The Cortland city planning commission got a look Monday night at what could be the city’s first ground-mounted commercial solar project.
The project, backed by Source Renewables, a Greenwich, Conn.- based company, would entail a 5-megawatt project on 44 acres off Locust Avenue in the city, and another 5-megawatt project on 24 acres just over the city limit in Cortlandville, said Andrew Day, the founder of Source Renewables.
Day said his company has signed a purchase agreement with the property owners, the Gunzenhauser family. If Source Renewables succeeds in securing approvals for its projects, then the company will buy the property, he said.
The project would join half a dozen other commercial solar installations either under construction or in development in Cortland County:
- A 90-megawatt, $90 million project proposed for Homer, Cortlandville and Solon.
- A $22.1 million, 20-megawatt project in Willet.
- A $27 million, 15-megawatt project in Lapeer.
- A project of up to 20 megawatts in Cincinnatus.
- Two 5-megawatt projects on Riley Road in Cortlandville.
- At least five, and possibly six, projects on properties owned by Gutchess Lumber in Cortlandville.
The Cortland part of the proposed Source Renewables project will return to the planning board next month; the commission tabled the proposal Monday night. Representatives of Source Renewables will return to ask for a use variance and site plan review at the commission’s March 23 meeting.
Currently a ground-mounted solar project is not an allowed use in a residential zone, said Dan Walker, an engineer with LaBella Associates, who is working on the project.
The planning commissioners, however, seemed amenable to the proposal. All six of them present Monday night nodded or signaled approval when chairman Joe McMahon took an unofficial straw poll on the project.
Day said the two projects could proceed independently — if one is turned down, but the other is approved, the approved project will still be built.
While the Gunzenhauser property is zoned as R-1 in the city, it is located right next to Interstate 81, and that makes its undesirable for development for the road noise alone, said planning commissioner Jim Reeners.

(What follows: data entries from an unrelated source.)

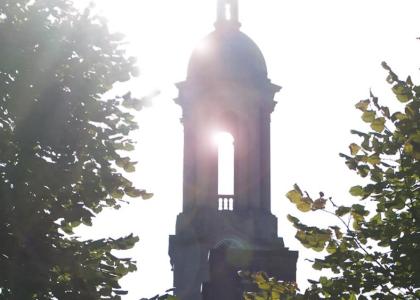 Sun streaming through Penn State's Old Main bell tower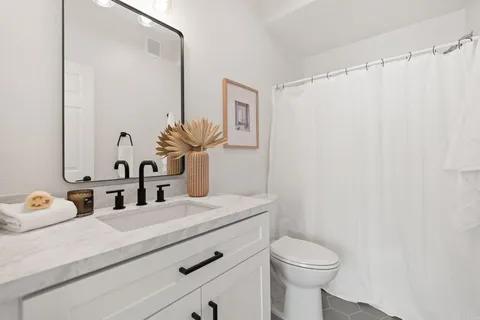 a bathroom with a sink a toilet and mirror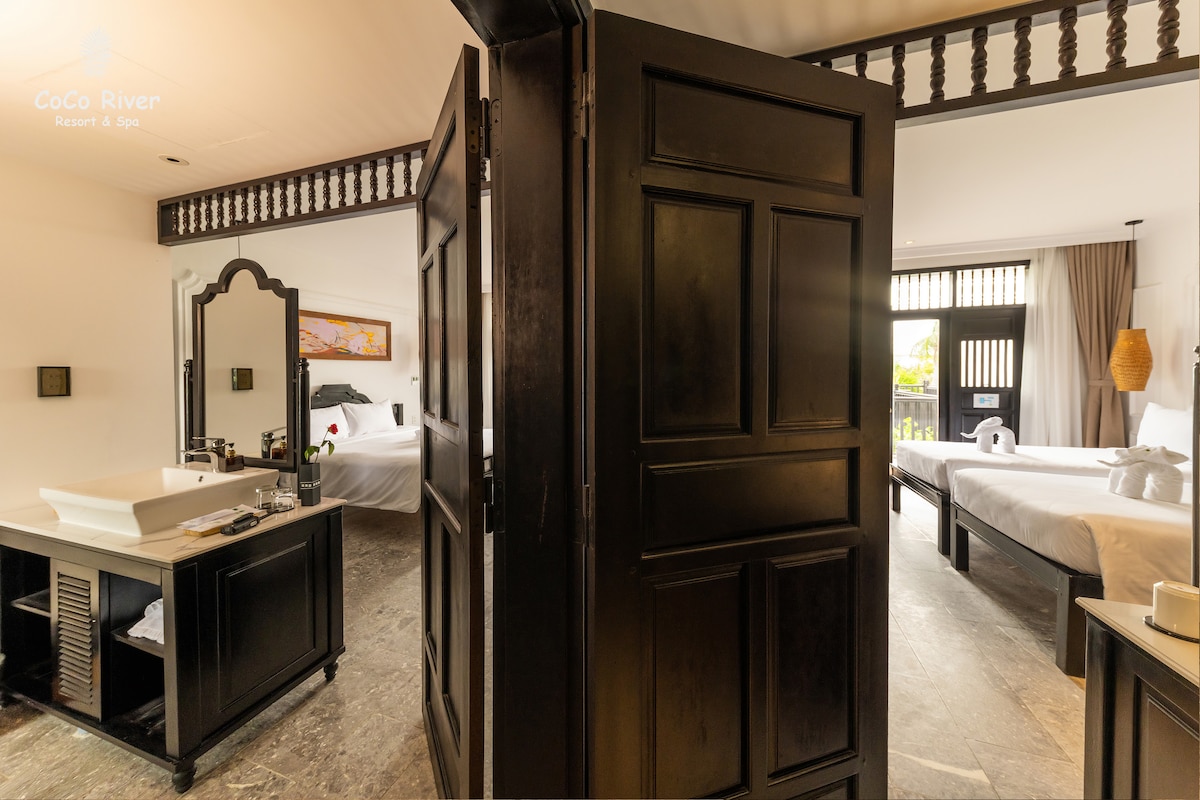 A view showcasing an elegant room divider that separates two sleeping areas. The dark wooden doors lead to a spacious layout with natural light filtering through windows. A stylish dresser is visible on the left, complementing the modern decor.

“It’s vacant for a very good reason,” Reeners said.
Day said the Gunzenhauser family has tried to sell the property for years without success. He also noted the slope of the property and the presence of bedrock not far beneath the soil as other reasons it is not attractive for residential development. It is also relatively landlocked, with one access point off Locust Avenue in Cortlandville. Day said he was also trying to obtain access behind Hanson Aggregates at 6 Locust Ave.
But none of these factors negatively affect the property’s potential for use as a solar project, he said, adding that the south-facing slope is perfect for that use.
Day said his company plans to apply for a payment in lieu of taxes agreement from the Cortland County Industrial Development Agency.
The proposed project would offer discounted electricity to about 1,000 nearby customers, Day said.
Source Renewables has built projects that generate more than 60 megawatts of electricity and is currently developing projects that generate more than 300 megawatts, according to the company web site.